直木賞にその名を残す直木三十五の記念館は市民参加型のミュージアム。運営の悪戦苦闘をストレートにお伝えします。

お金のこと

2006年01月26日 | Weblog
 このところニュースはライブドアのことばかり。私自身も興味深く見ているのは事実である。お金のことは人間誰しも興味があるということか。
 
 植村鞆音氏の「直木三十五伝」にも詳しくあるが、直木三十五という人は、件の堀江貴文以上に事業欲の強い人間であった。翻訳、出版、映画、美術およそ大正末期から昭和初期に考えられる文化的な事業にすべからく手を出して多額の借金を抱えて失敗をしている。
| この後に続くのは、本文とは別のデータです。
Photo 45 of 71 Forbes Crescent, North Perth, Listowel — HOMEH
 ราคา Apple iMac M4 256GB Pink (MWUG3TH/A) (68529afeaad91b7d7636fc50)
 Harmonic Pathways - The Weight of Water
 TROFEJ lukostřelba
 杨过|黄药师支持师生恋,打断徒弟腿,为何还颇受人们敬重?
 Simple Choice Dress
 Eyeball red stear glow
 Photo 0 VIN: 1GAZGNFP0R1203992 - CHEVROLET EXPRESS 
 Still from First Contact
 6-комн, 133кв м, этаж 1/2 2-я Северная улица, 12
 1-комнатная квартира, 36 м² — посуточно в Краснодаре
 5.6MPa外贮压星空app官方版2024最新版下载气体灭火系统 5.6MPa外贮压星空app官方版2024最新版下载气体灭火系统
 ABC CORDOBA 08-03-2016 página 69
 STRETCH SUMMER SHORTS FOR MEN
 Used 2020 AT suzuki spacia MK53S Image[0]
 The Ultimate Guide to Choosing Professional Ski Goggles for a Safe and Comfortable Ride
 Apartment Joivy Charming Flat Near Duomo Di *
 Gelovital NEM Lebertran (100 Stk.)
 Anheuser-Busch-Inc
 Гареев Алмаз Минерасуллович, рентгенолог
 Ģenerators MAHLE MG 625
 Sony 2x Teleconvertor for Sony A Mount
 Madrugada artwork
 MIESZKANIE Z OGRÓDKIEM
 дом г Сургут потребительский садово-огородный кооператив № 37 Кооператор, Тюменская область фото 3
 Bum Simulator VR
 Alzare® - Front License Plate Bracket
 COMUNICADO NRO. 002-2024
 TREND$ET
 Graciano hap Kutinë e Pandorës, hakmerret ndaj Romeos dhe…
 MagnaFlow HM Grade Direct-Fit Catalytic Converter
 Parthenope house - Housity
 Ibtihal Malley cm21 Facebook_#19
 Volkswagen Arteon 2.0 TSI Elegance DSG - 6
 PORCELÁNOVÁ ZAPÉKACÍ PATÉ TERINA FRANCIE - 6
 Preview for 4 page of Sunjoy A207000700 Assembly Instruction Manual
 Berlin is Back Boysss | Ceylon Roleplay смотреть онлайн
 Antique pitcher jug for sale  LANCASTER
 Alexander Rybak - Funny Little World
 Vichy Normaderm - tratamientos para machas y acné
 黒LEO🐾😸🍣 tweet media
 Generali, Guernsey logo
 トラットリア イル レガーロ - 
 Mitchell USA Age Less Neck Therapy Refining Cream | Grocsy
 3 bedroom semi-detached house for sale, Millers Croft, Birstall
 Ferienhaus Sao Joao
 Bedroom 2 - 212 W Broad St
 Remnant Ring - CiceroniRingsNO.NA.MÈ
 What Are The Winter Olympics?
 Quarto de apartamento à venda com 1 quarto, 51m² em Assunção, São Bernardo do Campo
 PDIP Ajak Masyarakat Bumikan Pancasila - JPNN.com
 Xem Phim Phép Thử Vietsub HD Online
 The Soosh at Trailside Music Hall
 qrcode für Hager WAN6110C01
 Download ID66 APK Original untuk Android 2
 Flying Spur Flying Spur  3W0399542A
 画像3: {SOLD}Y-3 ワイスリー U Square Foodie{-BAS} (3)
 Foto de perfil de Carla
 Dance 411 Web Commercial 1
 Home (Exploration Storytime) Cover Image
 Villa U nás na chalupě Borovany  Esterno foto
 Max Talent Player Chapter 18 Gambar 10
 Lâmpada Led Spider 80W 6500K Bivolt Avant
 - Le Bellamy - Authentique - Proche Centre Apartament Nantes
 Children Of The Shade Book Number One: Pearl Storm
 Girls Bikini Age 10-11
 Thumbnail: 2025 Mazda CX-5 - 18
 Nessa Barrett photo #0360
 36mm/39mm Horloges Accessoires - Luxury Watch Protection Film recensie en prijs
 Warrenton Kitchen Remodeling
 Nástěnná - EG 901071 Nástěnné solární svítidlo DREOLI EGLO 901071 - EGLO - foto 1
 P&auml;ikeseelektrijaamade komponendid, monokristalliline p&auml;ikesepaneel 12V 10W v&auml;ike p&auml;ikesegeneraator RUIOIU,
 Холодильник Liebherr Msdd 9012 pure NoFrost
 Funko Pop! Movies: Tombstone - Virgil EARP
きっと現代に生きていたならインターネットにいち早く注目してネット配信の著作権管理会社とかを早々に事業化していたのではないかと想像する。
 成功と失敗の差がどこにあるかは不明である。ホリエモンが成功者といえるのかも今となっては如何ともしがたい。直木の事業の失敗には私生活のだらしなさが原因している部分が大いにある。しかしながら直木には「新しいもの」を「本物」を世に示したいと考えていた高い志だけはあったように思う。
 
 直木の人生は「金」のことばかりに終始した人生のように言われる。確かに金の苦労は多かったようであるし、本人は何かにつけて金にまつわることを書いている。しかし直木の金にまつわる話に嫌らしい部分は少ない。唯一あるとすれば、鷲尾雨工が書いた「直木三十五の美醜」に書かれている、木挽町の文芸春秋倶楽部を訪れて金の無心をする際の直木の鷲尾に対する対応ぐらいである。これも後の研究によると直木は実際に金がなかったのでそっけない態度を取らざる得なかったという説や、鷲尾にはいずれちゃんとと思っていたのではないかという説もある。
 
 いずれにせよ、直木はあれだけ「金」と言う割にはカラッとしてジメジメした部分を感じないのは確かである。個人の資産が有り余るほどあってマネーゲームをやることや、六本木ヒルズに住んでフェラーリに乗ったり、自家用ジェットを所有するより、借金取りに追われて、原稿を書きまくり、文壇一高い原稿料をまた無駄遣いに浪費し、昭和初期に運転手を抱えて自家用車を所有する直木三十五の生活の方に憧れを感じてしまう。

 実はお金のことで切実なのは記念館の方である。年間の運営費はせいぜい250万円から300万円の間であるがその費用が単純に賄えない状態である。任意団体の悲しさではあるが、ある意味大阪のパブリシティとしてはもう1千万円くらいの価値があると思う。経済効果を誰も測定しないが、これはもっとすごい気がする。そういう意味では自分たちの正当な価値を世に問えない私達と粉飾してでも虚構の価値を金に変換できる彼らの差って何であるのか。